Cadde kenarındaki apartmanların balkonlarına asılı bayraklar, bayraksız balkonları işaretliyor, tıpkı önüne ya da arkasına bayrak asılan arabaların, bayraksız olanları işaretlediği gibi.
Büyük bir bayrak taşıyan 50-60 kişilik grup, öldürmeye ve ölmeye dair sloganlar atarak yürüyor ana caddeye doğru.
Aslında yoksulluğunun, umutsuzluğunun, geleceksizliğinin öfkesini kusan bütün bu insanlar; ölümü değil yaşamı savunmanın boynumuza borç olduğunu bilmiyorlar mı diye düşünüyorum, müzmin bir umutlu olarak.
Kan dökerek galip gelen, mağlup olandan binlerce kat daha yeniktir hayatın karşısında, binlerce kat daha eksiktir insanlığında diye tekrarlayıp duruyorum kendime.

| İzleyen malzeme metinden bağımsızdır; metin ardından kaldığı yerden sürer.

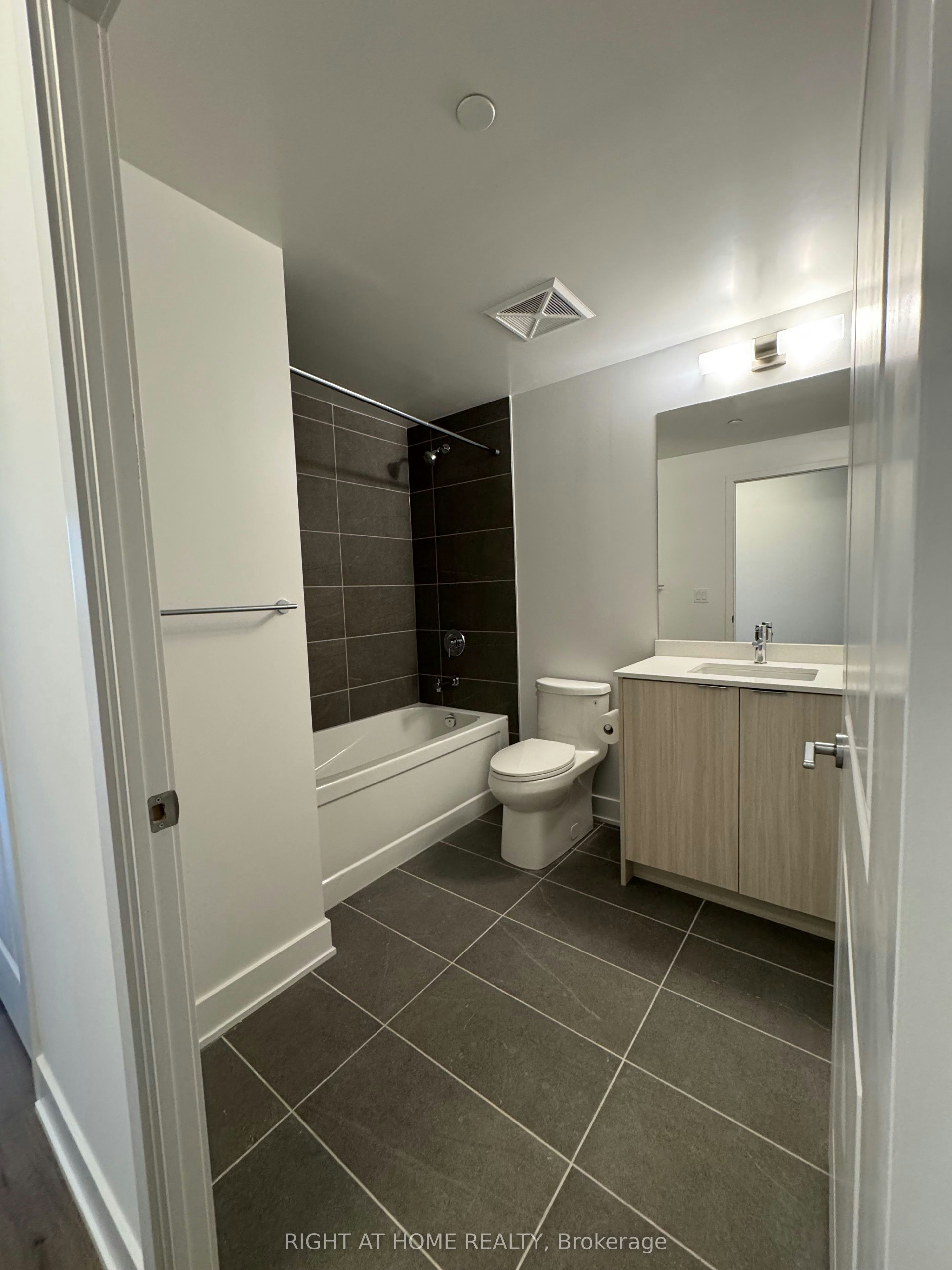 1711A-115 Nipissing Road N, Milton, ON, L9T 1R3 - 13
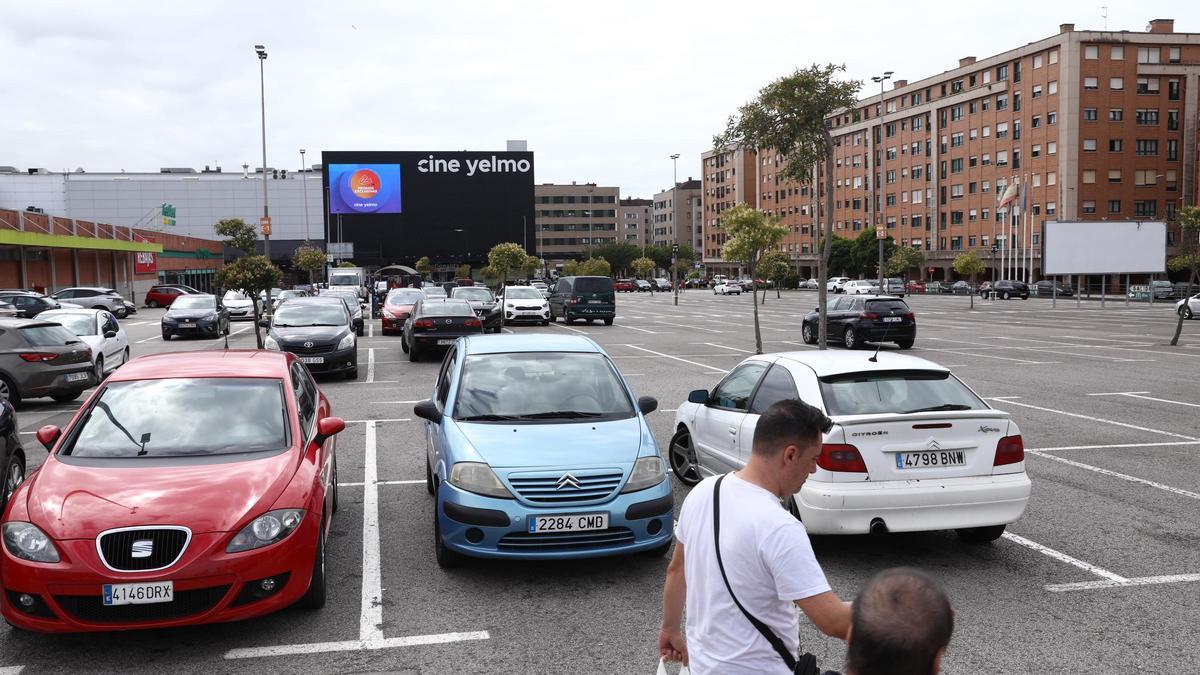Entorno del centro comercial y de ocio de La Calzada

Üstelik hep yoksullar ölüyor savaşlarda, sağ kalıp dönenleri bekleyense, yine yoksul bir hayat oluyor.
Gazete haberleri
Haberlerinde sadece bir sayı olarak yazdıklarının, soframızdan eksilen bir insanın hüznü olduğunu unutturup, durmadan öldürmeye ve ölmeye övgüler sıralıyor gazete manşetleri. Başka başka sözcüklerle örülü ninnilerle büyütülen gençler ölüyor, acemisi oldukları hayatta ustalaşmadan.
Acının milliyeti yok
Bütün ninniler sevgiye ve yaşama dairken, anaların diline vurulan yasağın utancı susmuyor içimde. Nice umutlarla büyüttükleri çocuklarının matemini tutan kadınların gözbebeklerinde aynı keder büyüyor; gözyaşlarının etnik kökeni yok, yaşanan acının milliyeti yok.
Herkesin mateminde hissemiz olduğunu* unutturmayan yüzleşemediğimiz yaşanmışlıklar hala kanıyorken orta yerde, şiddetin her türüne karşı olmak bu kadar zor mu?
Maraş’ta 80 yaşındaki Cennet Kadın’ın gözlerini tornavida ile oyan zalimliğin, insanlığın boyunu kısaltıp bir cüceye döndürdüğünü görmüyor mu hiç kimse?
Kendisinden farklı düşünüyor diye Sivas’ta şairleri ateşe verip yakan yobazlığın, insanlığı kör ettiğini bilmiyor mu hiç kimse ?
12 Eylül’de bu toprakların insanlarını yok eden zulmün, soframızdaki ekmeği, yüreğimizdeki düşleri çaldığını anımsamıyor mu hiç kimse?
Anaların yüreklerini tarumar eden acıyı, anaların çığlıklarını işitmiyor mu hiç kimse?
Kapısına ne zaman kara kilit vurduk kalplerimizin, ne zaman kendi çocuklarımızdan daha kıymetsiz oldu başka anaların çocukları, bilen var mı?
Çocuklarımıza savaş adını koymaktan vazgeçmenin zamanına ne zaman gelecek saatin akrebi, akrebin yelkovanı?
Şiddeti durdurmanın, mümkünü bu kadar uzak mı?
Savaş çığlıkları atanların, ölümü kutsayanların, milliyetçiliği insan olmanın önüne koyanların hedefinde; bu topraklarda yaşayan insanların türküleri değil sadece, birbirimizin külüne muhtaçlığımız var.
Ve keşke ağacı yeşermiyor yeniden. (Gİ/NZ)
* Milliyet Sanat'ın son sayısında bu ifadenin "Tokatlızade Şekip"e ait olduğu yazıyor.